1. Mechanical loss: means that solution is physically lost from the system either due to carryover, foaming, and simple leaks at fittings and pump seals. Such losses are minimized with mist eliminators, foam prevention and the existence of a separate amine drain and recovery system

2. Solution Conditioning Loss:  Practically a sub-category of mechanical loss, conditioning losses occur when a filter or reclaimer is not properly drained of solution during maintenance or change out activities. This type of loss is minimized by following proper procedures for solution displacement before draining and opening this type of equipment.

3. Chemical and Thermal Degradation: occurs when amines come into contact with oxygen and other components in the produced sour gas. Improper storage or oxygen in-leak are the main causes of oxygen contamination. Some amines are more susceptible than others to reactions with COS, CS2 and other sulphur compounds. All amines can degrade thermally if subjected to excessively hot heat transfer surfaces. Thermal degradation can be substantial at temperatures above 150°C (300°F).

4. Vaporization Loss: This type of loss depends upon amine type. For instance, MEA is 30 times more volatile than DEA, so we can expect vaporization losses in MEA systems to be substantially greater. Vaporization losses are usually minor and occur at both the contactor and the regenerator of the AGRU.

 

3.1.1     Foaming in AGRU [3]

There are innumerous papers and technical publications on foaming. Here a brief overview of potential foaming causes are given:

- Dirty amine containing iron sulphide or diatomaceous earth.  Both are foam promoters, as are well treatment chemicals that find their way into the system due to insufficient upstream separation.

If corrosion inhibitors are in use, they may be the culprits as these inhibitors are surface active species. One of the most common promoters of foaming can be (surprisingly) anti-foam products that are injected to stop foaming.

Foaming is predominantly prevented by all those things already discussed in other sections, like preventing hydrocarbon condensation, using a filter/separator on the inlet and keeping the solution clean.

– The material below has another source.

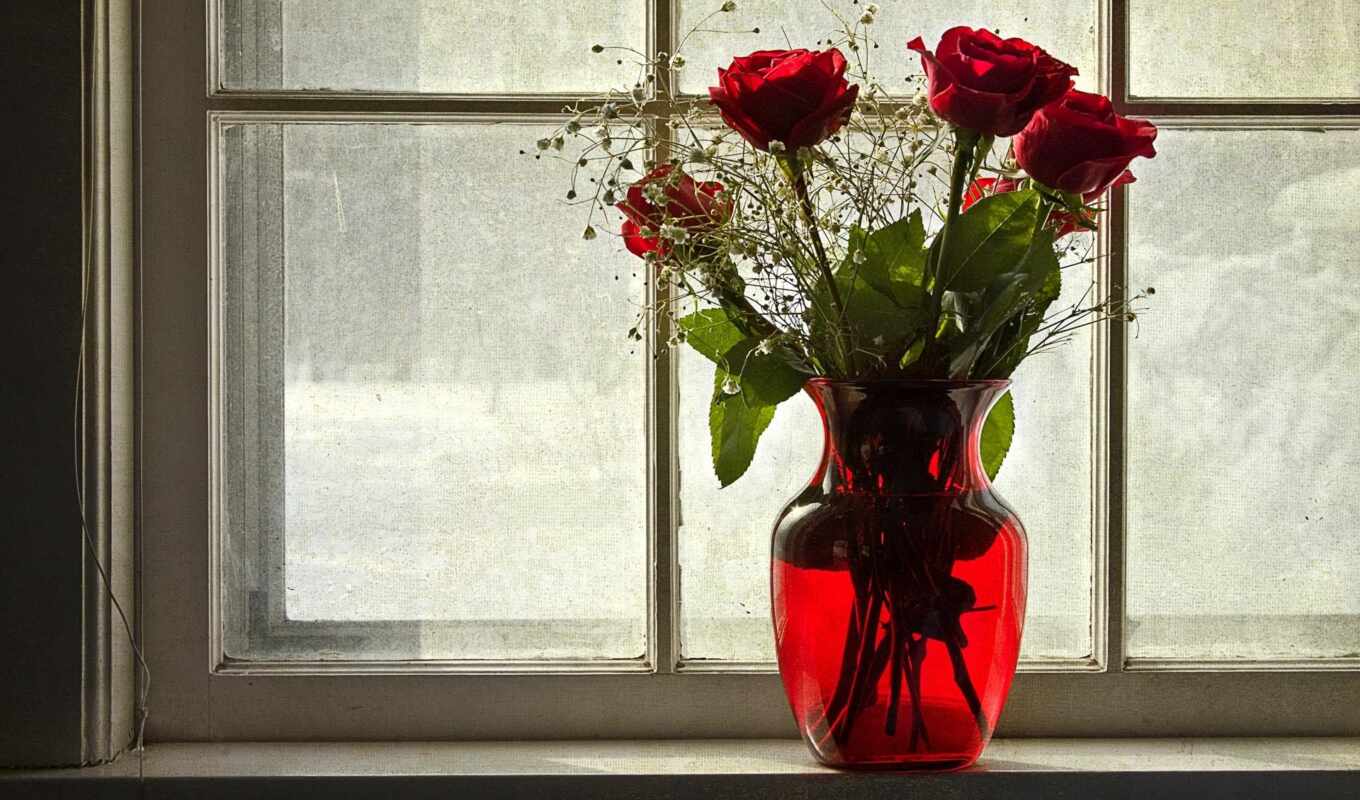 parede, red, pinterest, roses, flores, papéis, imagens, rosas, vermelhas, janela, vaso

Once it starts, however, you must focus on short-term solutions instead of trying to correct long-term design issues. Immediate short-term solution is to try injecting some anti-foam chemical (unless a bunch has already been put in) and/or reducing the inlet gas rate. If these actions help, you can then track down the real cause and hopefully correct it. If anti-foam does not help, do not inject any more. Too much anti-foam can make things worse.

- It is important to note that the choice of an antifoam agent needs to be considered carefully. In general, silicone-based antifoam agent should be used in an amine-based solvent. The use of alcohol-based solvent is often preferred in hybrid or mixed solvent (mixture of physical solvent and amine solvent). Check with the amine vendor on their recommendation.

 

 

3.2         Troubleshooting Mol Sieve Dehydration Units (MSDU) [3, 4]

 

Figure 4: Example Process Flow Diagram for a Molecular Sieve Dehydration Unit [5]

             

Most operating problems that can occur in MSDU are:

- The adsorber produces specification product (i.e., water content at the outlet of the absorber) part of the time, but not for the entire cycle.

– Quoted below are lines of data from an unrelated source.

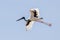 Jabiru Black-necked Stork of Australia
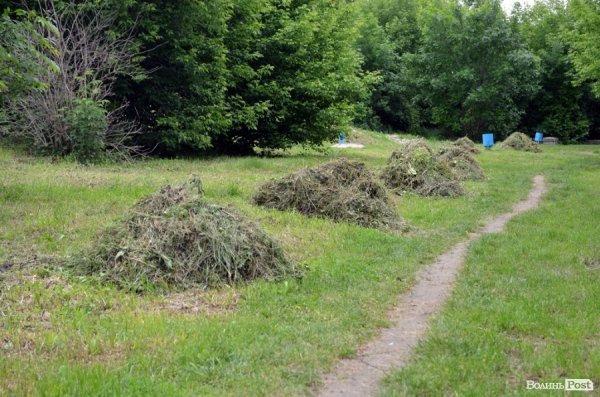 Пляж у Луцьку до купального сезону поки не готовий. ФОТО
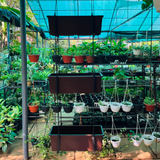 Uri Reca 40 - 3 Tier Hanging With Pot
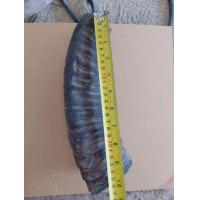 ราคา เขาควายทำด้ามมีด 1ชิ้น (20961218085)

- The adsorber does not produce specification product at any time in the cycle.

- Pressure drop in the adsorber becomes so high that gas flow must be reduced due to lack of adequate pressure, or for fear of damage to internal bed support structure.

 

 

3.2.1     Low Water Adsorption Capacity on the Mol Sieve Bed

1. When the adsorption capacity is low, the plant produces specification outlet product during the first part of a cycle, and the product is off-spec during the latter part. When an adsorber indicates inadequate capacity, it is easy to decide that the adsorbent needs to be replaced. This could be the case, but a few checks should be made before investing in a new adsorbent bed.

A short-term solution could be to reduce the adsorption time but that reduction is limited to the time required to properly regenerate an exhausted adsorber bed.

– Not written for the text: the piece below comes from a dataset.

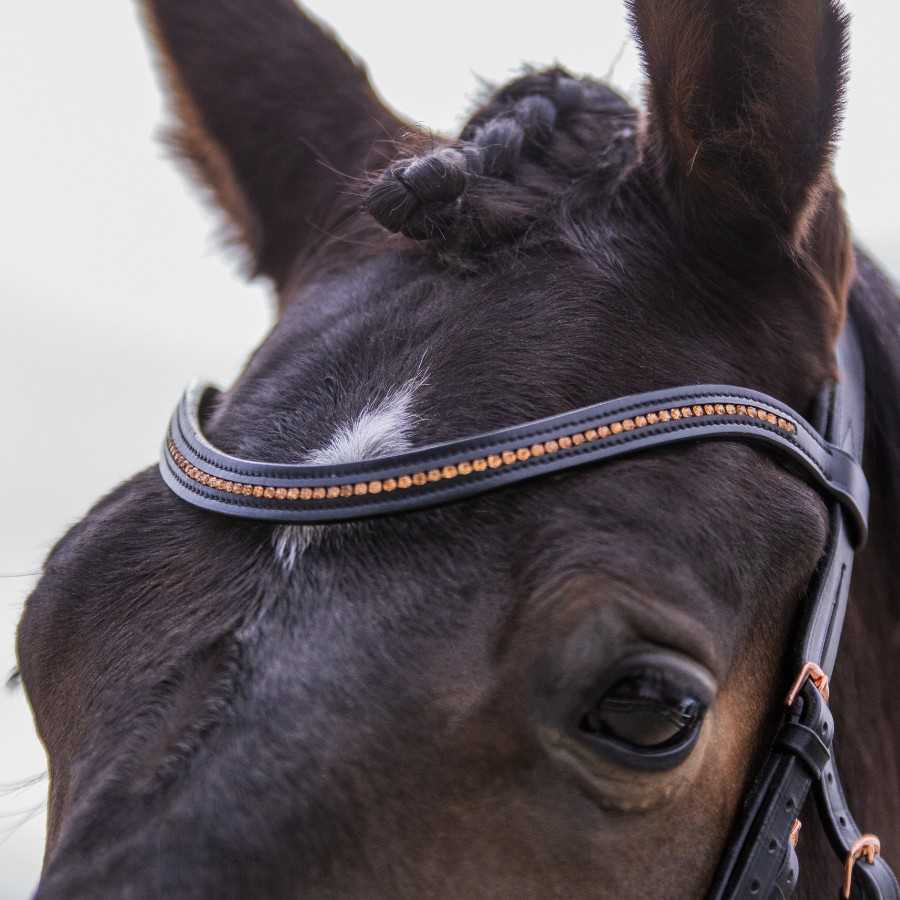 Cabeça de cavalo castanho com cabeçada preta detalhes cobre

2. Ensure the inlet gas conditions (P & T) have not changed, thereby increasing  water load entering the adsorber compared to design.  A relatively small increase in feed temperature can increase the water load significantly, typically, 1⁰C (1.8⁰F)  temperature increase of the gas would increase the gas water content by roughly 6%.

3. Other seemingly minor changes in operating conditions can have equally dramatic influence on the operation of an adsorber. A change in the wells, or formation from which the feed comes, can be important. Remember how various other components can compete for space on the adsorbent pore surface. Check to make sure the feed does not contain oxygenates (methanol), glycol or other chemicals that are injected routinely in operations.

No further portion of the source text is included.